Following a hearing, the ALJ entered a recommended order wherein he found that Manderson and MGH were entitled to refunds by virtue of application of the Multistate Tax Compact (Tax Compact) as found at §§ 40-27-1 through -6, Code 1975. The Tax Compact provides for the allocation and apportionment of income of taxpayers doing *409 business in more than one state in such a manner as to avoid duplicative taxation.
Pursuant to the Alabama Administrative Procedure Act, the ALJ's recommended order went to the Commissioner of the Department, who, upon review of the proceedings before the ALJ, entered a final order denying Manderson's and MGH's refund petitions. In ruling for the Department, the Commissioner took the position that the Tax Compact had not been enacted in Alabama. From the Commissioner's final order, Manderson and MGH filed a notice of appeal in the circuit court.

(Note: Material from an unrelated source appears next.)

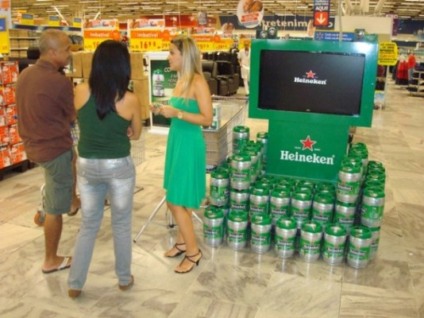 Heineken com brinde no ponto de venda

Prior to the hearing in the circuit court, the parties entered into a stipulation setting forth all relevant facts and the issues presented for review. It was agreed that the issues relating to the corporations' petitions for refunds of their 1986 taxes were identical to those relating to petitions they had filed for refunds of taxes paid for 1987 and 1988 as well. Consequently, the parties stipulated that the refund claims for the later two years would be resolved in accordance with the trial court's ruling on the 1986 taxes.
The case was submitted upon briefs and oral argument before the trial court on December 16, 1991. In an order entered on January 3, 1992, the trial court found that the case could be decided on the single question of whether the Tax Compact was in force and effect in Alabama and that, if so, the Department had admitted the taxpayers were entitled to a refund. The trial court then determined that the Tax Compact was in force and effect in this state. On the basis of this determination, the trial court held that Manderson and MGH were entitled to refunds of taxes for the years 1986, 1987, and 1988, based upon computation of their tax liability under the Tax Compact. After its motion for reconsideration was denied by operation of law, the Department appealed to this court.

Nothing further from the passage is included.